We are all concerned about scars. We may have an injury, a surgery, bad acne, an infection or abscess, which leads to a wound on the skin, which needs to heal. We worry: will it leave a scar? How bad will the scar be? What determines whether or not the scar will be noticeable? What is a scar anyway?
The body is quite remarkable in its ability to heal a wound. If a wound to the skin is very superficial, the new cells that replace the old ones may be an exact match of texture and color to the original tissues. The result of the ensuing healing may be undetectable. If the wound is deeper, more repairs must take place and a scar is formed.
A scar is a collection of fibrous collagen protein created by cells that live in the skin, called fibroblasts. The new scar tissue varies from the original tissues in that the new bundles of collagen are linearly arranged, and often denser, less elastic than the original. If the wound is large enough, the new “skin” will lack the sweat glands, nerves and other structures and cells found in normal skin. The result is an area of skin, which differs in texture and color, from the original: a scar.
There are a few variations of scar formation. Overproduction of collagen may lead to a hypertrophic scar, which appears as a dark red, thickened ropy growth. If the overgrowth is extreme, the scar may be very large and bulbous. This is known as a keloid. Hypertrophic scars may occur in areas of high tension on the edges of a wound. Some areas of the body are more prone to hypertrophic scars; notably, the chest, shoulders, backs of the hands, and angle of the jaw. The tendency to form keloids is likely genetically determined. Even the most minor wound may result in a keloid in a predisposed individual.
Loss of the underlying tissues may result in an atrophic scar. It may appear sunken or pitted. Acne and chicken pox scars are often atrophic.
A secondary undesirable wound healing phenomenon is discoloration. In more olive and darker skin-types, dark pigment may form in and around the wound, making it more noticeable. In more fair-skinned individuals, a scar may turn white over time.

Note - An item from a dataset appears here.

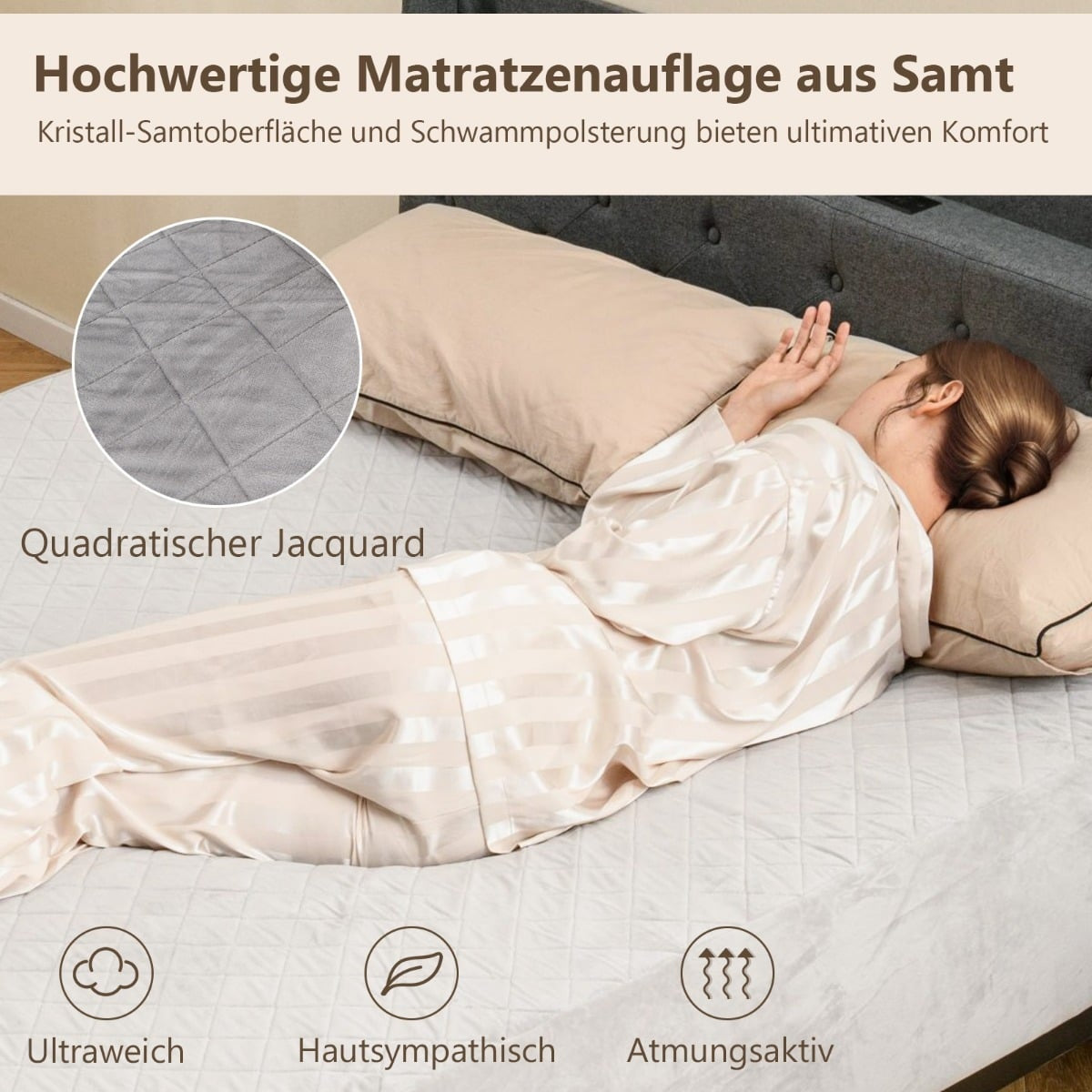 Mattress Protector, Deep Pocket, Velvet, 90x200 cm, Grey
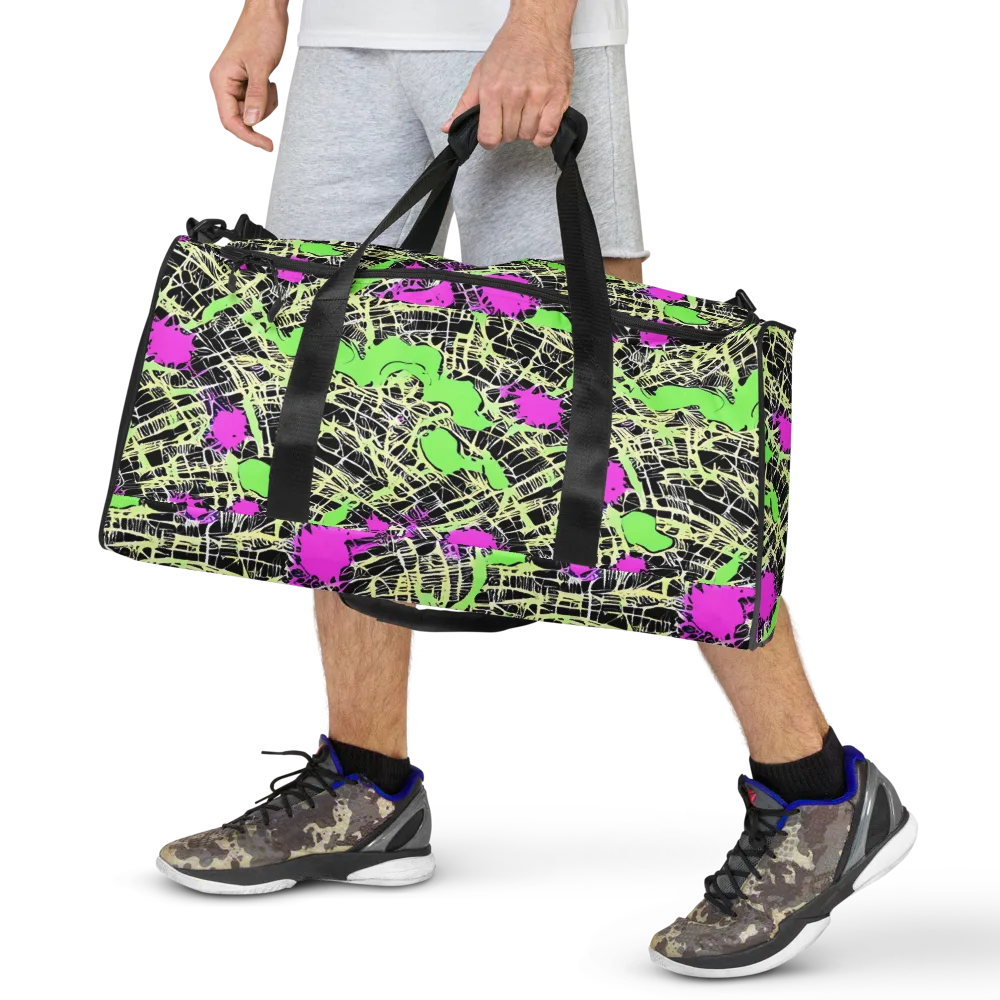 Neon Jungle Riot on Duffle Bag — Front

Most wounds will heal flat. There is a natural remodeling process over time, which generally leads to the improved appearance of scars. Often, there is initial redness, which typically resolves over time. However, in certain situations, particularly in individuals prone to form hypertrophic scars or keloids, early intervention may be desirable. Most hypertrophic and keloid scars will start to form within 6 to 8 weeks after the initial wound. This is an ideal time to use intralesional cortisone or a pulsed dye laser. Cortisone can be injected into a thickened scar of any age. Cortisone helps flatten the scar. It does not help the color. More than one treatment may be needed. A pulsed dye laser will improve the color of a dark red scar and improve the texture of a thickened scar of any age.
Re-excision and surgical repair of a scar may be advantageous in some situations.
Acne and chicken pox scars may be improved by use of more aggressive ablative techniques, such as dermabrasion, or CO2 laser (full or fractionated). However, individuals with olive and darker skin are usually not candidates, as they are at high risk for further scarring and discoloration.
There is little evidence to support the use of onion extract (Mederma) or Vitamin E. The evidence supporting the use of silicone sheets is weak.
Protection from the sun for at least 6 weeks is advised for a new wound and treatment of scars.